The five year lease between the city and Callaloo/Urban Collective ended this month and the city is looking for input on next steps.

Last Tuesday, the city of St. Petersburg held its first community conversation on the future of the historic Manhattan Casino. The Center of Equity hosted the forum, with 150 in attendance in-person and over 70 online. The meeting, notably, wasn’t held at the Manhattan Casino.

Built in 1925 by African American leader Elder Jordan Sr., the Manhattan hosted legendary musical performances in its heyday. Originally called the Jordan Dance Hall, St. Petersburg Mayor Ken Welch described growing up around the Manhattan Casino.

“Famous folks came to the Manhattan,” Welch said last Tuesday. “Folks like Ray Charles and Nat King Cole, and Louis Armstrong, just to name a few.”

An infamous stop on the Chitlin’ circuit, the Manhattan is living history that many newcomers to St. Pete might not even know. It’s history from a time when St. Pete was racially segregated and venues like the Coliseum—just four miles away—were closed to Blacks.

“African Americans were relegated to the southside of St. Petersburg. They couldn’t go uptown, except to work. My grandfather had the vision to open a place where African Americans could come and socialize,” Rev. Dr. Basha Jordan, Jr., grandson of Elder Jordan Sr., said. “The Manhattan casino or Jordan dance hall was suddenly like the the Apollo Theater of the South.”

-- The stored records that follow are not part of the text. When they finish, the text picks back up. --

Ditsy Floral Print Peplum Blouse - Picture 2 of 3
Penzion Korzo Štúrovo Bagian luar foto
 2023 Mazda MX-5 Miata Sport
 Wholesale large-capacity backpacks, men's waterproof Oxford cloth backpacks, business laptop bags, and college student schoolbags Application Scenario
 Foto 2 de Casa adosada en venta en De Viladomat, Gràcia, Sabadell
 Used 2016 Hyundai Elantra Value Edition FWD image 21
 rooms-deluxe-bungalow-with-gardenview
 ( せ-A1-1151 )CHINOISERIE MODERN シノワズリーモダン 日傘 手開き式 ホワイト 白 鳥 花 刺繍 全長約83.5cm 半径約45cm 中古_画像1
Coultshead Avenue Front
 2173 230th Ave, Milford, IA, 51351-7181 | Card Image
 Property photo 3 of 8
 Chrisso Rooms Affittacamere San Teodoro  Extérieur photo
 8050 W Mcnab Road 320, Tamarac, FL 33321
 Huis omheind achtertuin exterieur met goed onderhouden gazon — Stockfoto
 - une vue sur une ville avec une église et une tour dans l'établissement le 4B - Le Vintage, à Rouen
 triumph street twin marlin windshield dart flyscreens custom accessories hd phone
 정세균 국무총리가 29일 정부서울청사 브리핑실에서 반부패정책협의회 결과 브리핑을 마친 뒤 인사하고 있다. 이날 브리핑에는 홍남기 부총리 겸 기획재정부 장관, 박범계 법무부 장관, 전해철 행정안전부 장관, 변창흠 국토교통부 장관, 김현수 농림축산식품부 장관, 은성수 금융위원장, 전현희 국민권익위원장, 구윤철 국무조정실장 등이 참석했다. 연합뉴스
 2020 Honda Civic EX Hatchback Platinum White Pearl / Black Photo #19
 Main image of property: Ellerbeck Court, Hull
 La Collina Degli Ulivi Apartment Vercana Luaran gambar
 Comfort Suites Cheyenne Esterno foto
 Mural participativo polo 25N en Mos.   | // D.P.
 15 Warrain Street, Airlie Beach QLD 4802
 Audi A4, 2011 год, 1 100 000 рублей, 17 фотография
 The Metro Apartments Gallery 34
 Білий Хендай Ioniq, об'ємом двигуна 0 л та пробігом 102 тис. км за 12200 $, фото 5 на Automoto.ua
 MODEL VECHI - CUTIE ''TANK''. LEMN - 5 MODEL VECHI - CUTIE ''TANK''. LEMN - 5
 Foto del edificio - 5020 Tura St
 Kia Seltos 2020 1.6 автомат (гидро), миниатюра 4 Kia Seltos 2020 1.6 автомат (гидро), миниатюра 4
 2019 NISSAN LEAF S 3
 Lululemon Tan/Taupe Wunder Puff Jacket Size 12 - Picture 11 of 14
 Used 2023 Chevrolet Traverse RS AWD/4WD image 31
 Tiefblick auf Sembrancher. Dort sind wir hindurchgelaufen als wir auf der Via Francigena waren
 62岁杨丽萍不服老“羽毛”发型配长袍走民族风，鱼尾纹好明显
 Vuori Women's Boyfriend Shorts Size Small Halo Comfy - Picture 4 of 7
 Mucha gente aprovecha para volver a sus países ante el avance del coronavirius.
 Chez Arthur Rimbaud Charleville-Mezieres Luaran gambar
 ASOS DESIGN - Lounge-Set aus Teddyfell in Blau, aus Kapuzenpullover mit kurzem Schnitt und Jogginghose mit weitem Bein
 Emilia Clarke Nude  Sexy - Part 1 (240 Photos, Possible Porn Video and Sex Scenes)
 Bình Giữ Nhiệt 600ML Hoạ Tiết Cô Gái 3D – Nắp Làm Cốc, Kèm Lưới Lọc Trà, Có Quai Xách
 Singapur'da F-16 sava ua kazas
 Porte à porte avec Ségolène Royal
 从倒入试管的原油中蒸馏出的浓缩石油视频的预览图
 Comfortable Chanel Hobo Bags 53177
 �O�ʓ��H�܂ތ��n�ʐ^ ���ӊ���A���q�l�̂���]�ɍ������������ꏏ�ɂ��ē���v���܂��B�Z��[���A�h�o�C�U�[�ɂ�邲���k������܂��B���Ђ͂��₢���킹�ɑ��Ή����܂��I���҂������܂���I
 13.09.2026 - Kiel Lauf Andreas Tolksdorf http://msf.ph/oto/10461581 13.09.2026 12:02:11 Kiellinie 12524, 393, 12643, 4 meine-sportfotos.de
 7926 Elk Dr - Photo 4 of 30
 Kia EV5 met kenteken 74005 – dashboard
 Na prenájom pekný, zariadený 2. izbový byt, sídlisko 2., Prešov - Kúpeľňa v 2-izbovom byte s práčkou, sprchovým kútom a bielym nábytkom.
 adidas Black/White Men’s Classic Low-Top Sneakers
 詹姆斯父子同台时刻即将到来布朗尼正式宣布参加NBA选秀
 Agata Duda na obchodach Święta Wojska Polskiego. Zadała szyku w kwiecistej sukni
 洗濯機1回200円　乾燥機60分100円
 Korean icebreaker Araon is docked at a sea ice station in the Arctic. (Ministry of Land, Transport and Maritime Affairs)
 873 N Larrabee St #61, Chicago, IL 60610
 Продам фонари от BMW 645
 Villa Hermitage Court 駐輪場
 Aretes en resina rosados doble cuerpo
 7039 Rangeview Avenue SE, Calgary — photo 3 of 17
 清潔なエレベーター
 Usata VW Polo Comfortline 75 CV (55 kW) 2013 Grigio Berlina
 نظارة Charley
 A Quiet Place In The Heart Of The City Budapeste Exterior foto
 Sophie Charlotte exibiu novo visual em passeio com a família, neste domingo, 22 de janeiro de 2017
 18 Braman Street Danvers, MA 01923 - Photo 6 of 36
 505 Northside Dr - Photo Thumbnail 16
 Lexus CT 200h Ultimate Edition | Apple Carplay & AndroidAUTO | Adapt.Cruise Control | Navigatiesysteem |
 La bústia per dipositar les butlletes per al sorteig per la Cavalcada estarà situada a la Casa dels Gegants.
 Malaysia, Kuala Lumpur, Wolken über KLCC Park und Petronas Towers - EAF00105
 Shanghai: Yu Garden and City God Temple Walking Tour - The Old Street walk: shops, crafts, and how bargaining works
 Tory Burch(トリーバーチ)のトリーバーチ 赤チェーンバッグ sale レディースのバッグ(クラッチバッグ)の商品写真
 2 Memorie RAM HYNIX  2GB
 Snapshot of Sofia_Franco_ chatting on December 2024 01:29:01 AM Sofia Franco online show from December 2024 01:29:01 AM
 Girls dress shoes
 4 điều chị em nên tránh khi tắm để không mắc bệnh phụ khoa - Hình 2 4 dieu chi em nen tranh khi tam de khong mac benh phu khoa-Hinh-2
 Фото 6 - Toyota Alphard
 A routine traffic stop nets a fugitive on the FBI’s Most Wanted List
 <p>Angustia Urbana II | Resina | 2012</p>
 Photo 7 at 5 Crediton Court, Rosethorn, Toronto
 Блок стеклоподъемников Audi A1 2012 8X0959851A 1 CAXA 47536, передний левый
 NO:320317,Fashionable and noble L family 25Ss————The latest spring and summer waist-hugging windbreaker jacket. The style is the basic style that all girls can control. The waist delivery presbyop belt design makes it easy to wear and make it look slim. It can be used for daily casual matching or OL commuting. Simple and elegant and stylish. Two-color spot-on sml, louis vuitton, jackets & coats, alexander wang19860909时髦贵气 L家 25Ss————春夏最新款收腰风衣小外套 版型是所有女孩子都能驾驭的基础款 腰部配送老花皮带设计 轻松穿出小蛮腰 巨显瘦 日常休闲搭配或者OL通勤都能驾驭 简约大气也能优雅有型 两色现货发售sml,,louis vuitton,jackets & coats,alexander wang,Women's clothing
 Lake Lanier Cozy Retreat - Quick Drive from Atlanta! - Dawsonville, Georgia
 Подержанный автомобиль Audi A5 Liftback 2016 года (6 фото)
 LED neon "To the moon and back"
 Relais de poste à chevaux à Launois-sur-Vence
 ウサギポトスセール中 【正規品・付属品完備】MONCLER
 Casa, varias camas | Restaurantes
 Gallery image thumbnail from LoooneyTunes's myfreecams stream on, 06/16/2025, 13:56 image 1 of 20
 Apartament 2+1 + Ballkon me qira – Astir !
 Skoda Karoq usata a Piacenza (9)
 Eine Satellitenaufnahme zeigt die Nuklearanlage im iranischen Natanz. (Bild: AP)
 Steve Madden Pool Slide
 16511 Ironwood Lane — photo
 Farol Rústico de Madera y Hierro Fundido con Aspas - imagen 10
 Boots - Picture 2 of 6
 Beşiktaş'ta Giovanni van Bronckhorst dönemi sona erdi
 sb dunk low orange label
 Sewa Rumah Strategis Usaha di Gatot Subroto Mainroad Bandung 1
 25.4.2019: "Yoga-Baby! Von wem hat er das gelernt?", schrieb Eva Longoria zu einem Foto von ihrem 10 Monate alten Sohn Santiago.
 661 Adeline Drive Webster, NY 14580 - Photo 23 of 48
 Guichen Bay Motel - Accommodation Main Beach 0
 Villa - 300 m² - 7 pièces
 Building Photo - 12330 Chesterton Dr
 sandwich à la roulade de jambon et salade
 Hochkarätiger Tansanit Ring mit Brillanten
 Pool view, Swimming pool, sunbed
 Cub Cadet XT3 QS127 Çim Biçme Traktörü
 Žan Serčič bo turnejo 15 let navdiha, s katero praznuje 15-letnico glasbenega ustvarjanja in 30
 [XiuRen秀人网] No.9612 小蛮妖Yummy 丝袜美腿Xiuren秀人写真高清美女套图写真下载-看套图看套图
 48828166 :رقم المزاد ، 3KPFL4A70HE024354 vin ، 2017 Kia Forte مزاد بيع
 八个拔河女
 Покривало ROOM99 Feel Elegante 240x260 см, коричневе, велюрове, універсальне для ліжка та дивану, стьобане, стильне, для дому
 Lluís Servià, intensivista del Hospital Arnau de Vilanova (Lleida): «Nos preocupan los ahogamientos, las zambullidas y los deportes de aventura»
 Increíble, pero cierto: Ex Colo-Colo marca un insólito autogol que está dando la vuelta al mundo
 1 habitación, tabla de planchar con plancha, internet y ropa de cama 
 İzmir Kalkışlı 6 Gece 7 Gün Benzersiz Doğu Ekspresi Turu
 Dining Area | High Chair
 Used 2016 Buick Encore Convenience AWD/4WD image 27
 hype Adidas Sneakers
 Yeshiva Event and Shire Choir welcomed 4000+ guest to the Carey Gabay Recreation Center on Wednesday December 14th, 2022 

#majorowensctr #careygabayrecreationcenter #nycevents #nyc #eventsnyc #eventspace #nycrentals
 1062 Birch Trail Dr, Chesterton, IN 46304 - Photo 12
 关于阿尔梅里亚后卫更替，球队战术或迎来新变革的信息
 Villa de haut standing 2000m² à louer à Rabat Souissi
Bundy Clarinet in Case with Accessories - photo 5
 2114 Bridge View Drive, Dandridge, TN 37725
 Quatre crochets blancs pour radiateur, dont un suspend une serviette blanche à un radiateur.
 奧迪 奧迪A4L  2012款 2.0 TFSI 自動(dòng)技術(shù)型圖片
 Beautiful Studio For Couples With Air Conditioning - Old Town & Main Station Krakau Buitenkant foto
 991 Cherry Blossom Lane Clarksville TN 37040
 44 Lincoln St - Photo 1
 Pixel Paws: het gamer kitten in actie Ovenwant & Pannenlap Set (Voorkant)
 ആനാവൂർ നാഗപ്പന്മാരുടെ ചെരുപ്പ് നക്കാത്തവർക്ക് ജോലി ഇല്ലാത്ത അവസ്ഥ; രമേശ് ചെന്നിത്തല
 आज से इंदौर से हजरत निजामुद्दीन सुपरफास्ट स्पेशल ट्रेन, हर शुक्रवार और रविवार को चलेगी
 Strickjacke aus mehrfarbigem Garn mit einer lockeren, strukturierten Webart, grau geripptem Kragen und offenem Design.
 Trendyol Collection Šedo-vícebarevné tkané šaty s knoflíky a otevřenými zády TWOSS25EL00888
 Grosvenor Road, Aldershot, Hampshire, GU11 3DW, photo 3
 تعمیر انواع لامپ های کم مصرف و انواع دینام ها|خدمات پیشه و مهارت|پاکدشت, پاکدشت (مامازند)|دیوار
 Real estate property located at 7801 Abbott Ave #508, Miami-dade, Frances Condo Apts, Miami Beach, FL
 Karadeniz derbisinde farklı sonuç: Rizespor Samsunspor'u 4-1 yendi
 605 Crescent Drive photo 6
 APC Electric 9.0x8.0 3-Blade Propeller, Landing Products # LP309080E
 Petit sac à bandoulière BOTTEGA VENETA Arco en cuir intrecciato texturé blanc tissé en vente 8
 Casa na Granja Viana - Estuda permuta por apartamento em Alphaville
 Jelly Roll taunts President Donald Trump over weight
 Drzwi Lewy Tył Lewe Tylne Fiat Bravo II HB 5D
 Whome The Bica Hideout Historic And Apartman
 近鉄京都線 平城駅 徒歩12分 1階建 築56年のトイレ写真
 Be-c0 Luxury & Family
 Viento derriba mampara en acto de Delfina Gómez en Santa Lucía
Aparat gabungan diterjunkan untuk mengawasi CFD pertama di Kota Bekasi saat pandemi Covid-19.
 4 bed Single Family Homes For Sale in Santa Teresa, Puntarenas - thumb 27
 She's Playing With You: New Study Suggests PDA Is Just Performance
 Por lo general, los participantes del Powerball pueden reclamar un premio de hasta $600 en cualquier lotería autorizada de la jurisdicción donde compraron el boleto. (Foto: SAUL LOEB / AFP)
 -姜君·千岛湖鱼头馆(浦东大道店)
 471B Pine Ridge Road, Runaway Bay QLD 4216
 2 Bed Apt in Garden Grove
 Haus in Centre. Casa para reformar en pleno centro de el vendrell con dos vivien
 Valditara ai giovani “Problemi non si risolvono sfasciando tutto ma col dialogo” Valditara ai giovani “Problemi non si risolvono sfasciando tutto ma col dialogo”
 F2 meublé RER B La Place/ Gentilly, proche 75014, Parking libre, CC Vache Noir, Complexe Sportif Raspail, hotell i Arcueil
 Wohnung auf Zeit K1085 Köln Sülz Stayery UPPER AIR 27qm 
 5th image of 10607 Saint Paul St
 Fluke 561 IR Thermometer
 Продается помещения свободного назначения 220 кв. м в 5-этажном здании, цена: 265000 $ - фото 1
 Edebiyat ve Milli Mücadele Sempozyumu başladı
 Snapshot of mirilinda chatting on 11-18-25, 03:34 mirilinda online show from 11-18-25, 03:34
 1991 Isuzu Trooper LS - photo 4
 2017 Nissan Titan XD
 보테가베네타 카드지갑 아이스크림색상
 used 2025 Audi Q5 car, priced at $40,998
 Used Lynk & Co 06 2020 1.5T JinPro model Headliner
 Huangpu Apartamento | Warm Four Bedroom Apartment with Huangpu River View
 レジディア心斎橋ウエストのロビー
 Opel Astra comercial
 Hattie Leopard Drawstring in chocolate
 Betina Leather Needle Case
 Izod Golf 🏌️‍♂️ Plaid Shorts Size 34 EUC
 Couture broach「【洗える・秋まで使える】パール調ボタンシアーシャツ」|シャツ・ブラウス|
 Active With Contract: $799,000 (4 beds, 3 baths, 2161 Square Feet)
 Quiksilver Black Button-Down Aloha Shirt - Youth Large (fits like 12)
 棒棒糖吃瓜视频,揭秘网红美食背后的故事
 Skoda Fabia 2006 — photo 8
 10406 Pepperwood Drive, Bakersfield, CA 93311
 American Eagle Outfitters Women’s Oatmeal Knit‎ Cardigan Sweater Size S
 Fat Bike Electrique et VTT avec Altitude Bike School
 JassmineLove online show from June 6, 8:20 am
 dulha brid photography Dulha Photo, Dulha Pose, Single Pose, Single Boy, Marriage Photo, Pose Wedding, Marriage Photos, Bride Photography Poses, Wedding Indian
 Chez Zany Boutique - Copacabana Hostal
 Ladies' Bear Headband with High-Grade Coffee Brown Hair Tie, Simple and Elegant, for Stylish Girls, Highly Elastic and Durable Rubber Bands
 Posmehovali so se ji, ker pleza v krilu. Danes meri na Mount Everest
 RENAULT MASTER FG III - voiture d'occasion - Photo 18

The community conversation was structured similarly to the Gas Plant redevelopment talks. There’s the structured intro presentation complete with sleek videos, and then mobile polling and word clouds, ending with breakout groups. It’s the city’s way of listening, or at least appearing to.

One attendee pointed out the polls aren’t the same as an actual conversation.

“We really want this to be a facilitated conversation,” Center for Equity director Marcus Brooks said. “Otherwise, it’ll be a free-for-all.”

By the numbers, over 80% agreed the site needs a food concept and event space for rent (two things it had previously). Those polled disagreed on having retail space, social services or city services on-site, and 50% agreed there should be some kind of space for the arts or a museum.

“The conversation doesn’t end tonight,” Brooks said. “The community can continue to share their thoughts.”

Input can be submitted to the city via stpete.org.

Another Manhattan Casino conversation is happening, this one rather un-sanctioned by the city, on Wednesday, Nov. 9. Unlike the city’s talk, this one takes place at the Manhattan at 6 p.m.